将棋、スポーツ、テレビ等、日々感じること。発信というより放電に近い戯言。

2024王位戦 第1局 藤井王位-渡辺九段 その2

2024-07-09 17:42:40 | 将棋
「2024王位戦 第1局 藤井王位-渡辺九段 午後8時35分」を「その1」とします。

 ……「その1」をアップした時は、まだ、勝利確率が78%でかなり優勢とは言え、残り時間切迫の中、渡辺九段が勝ち切るのはまだまだ大変だと思っていた。
 しかし、それから、暫くして藤井王位が特攻をかけたが足りず、勝利確率は「渡辺99%」となり、あとは詰ますだけという状況。
 解説の鈴木九段も、終局間近(渡辺勝ち)を確信していた。ただし、少し、逆転の伏線があったが、些細な事と思っていたようだ。(詳細は後述)

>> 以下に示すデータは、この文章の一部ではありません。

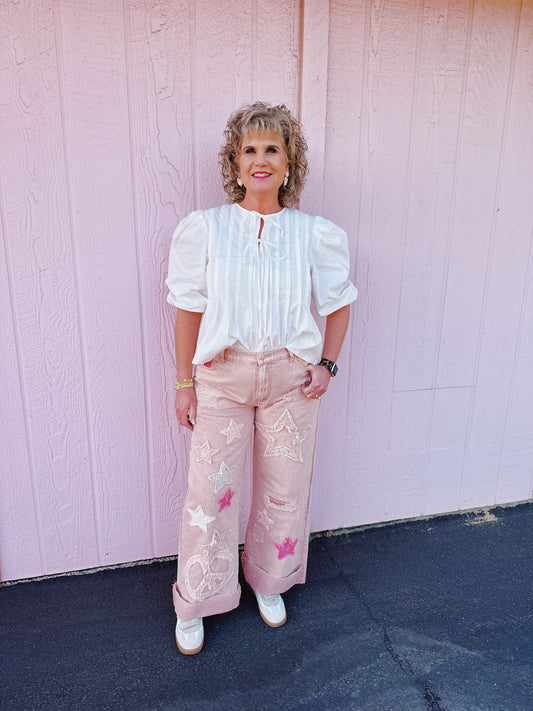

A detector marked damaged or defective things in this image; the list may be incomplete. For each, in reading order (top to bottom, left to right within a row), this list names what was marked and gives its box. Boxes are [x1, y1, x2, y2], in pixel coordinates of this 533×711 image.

crack in asphalt [318, 544, 450, 708]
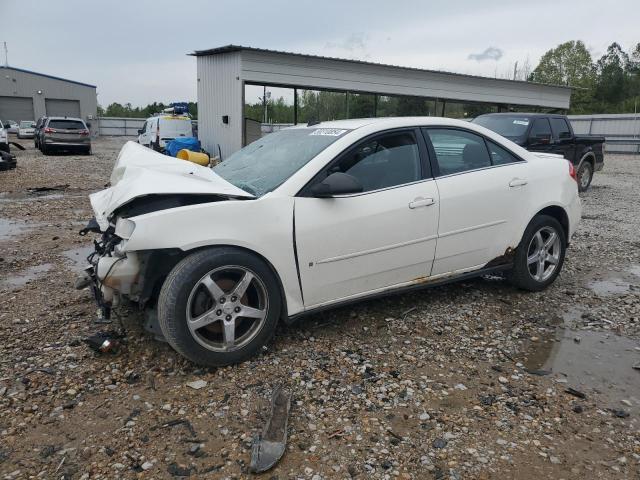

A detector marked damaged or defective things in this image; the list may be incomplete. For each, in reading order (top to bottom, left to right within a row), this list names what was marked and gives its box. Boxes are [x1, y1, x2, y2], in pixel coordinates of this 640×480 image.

crumpled hood [89, 141, 252, 231]
damaged white car [79, 118, 580, 366]
broken plastic debris [250, 386, 292, 472]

 千日手指し直し局も、渡辺九段が主導していた気配があり、用意の策戦だった気がする。

 渡辺九段が21手目に▲6六角と飛車取りに覗いたのが趣向で、△7四飛と躱した時点で前例が1局のみ。さらに23手目の▲7七桂で前例がなくなった。
 ▲7七桂以下△3四歩▲2二角成△同銀▲8二角と打ち込み、△9三香▲2六飛で第1図。

 第1図から△5四飛▲6八銀で第2図。
 藤井王位はこの辺り(第1図~第2図)で△8四飛▲9一角成△7一金と先手の角(馬)の働きを封じておくべきだったという感想を述べており、その後はずっと苦しいと思っていたそうだ。

 とは言え、実際は微差で、角打ちから飛車をふわりと中段に泳がせ、2筋に回し飛車成りを見せ、▲3九金を強要(先手は歩切れで、飛成りを歩で防げない)するなど、藤井王位の反撃も迫力十分。以下、10手ほど進み、第3図。

 先手の渡辺九段も飛車を8筋に転回。互いに飛車を軸に敵陣突破を目指す。
 これに対し、△8三歩と受けるのが読みの入った手で、以下▲8三同馬△同銀▲同飛成△7二角▲9二龍と、「角銀交換」「飛車の成り込み」「駒得した角を自陣の受けに投入させられる」と損得勘定が難しいが、おそらく最善の応酬。ただし、最後の▲9二龍では▲8二龍の方が良かったようだ。(後に▲8四桂と絡む筋が出てくるが、この時、龍の紐が付いている方が得)
 ▲9二龍に△6四歩で第4図。

 △6四歩と突いて、防戦一方と見られた角が一気に先手の急所に利いてきた。ただし、△6四歩ではなく△3六歩が最善手らしい。
 ▲9二龍で《先手わずかに良し》から《後手やや良し》に。△6四歩がやや疑問で、第4図は、ほぼ互角。ただ、この△6四歩が見えていなかった渡辺九段は少なからず動揺したようだ。
 《局勢は互角》《精神的にやや動揺》の渡辺九段ではあるが、残り時間は渡辺61分、藤井9分と大優勢。
 渡辺九段も腰を落とし、読み直し▲3五歩と最善手。さすがである。
 以下△3六歩▲3四歩と互いに桂頭を攻める。

 第5図は互角。残り時間は先の▲3五歩で20分消費したとは言え、渡辺39分対藤井9分と少し差は縮まったが、時間的にはまだ有利。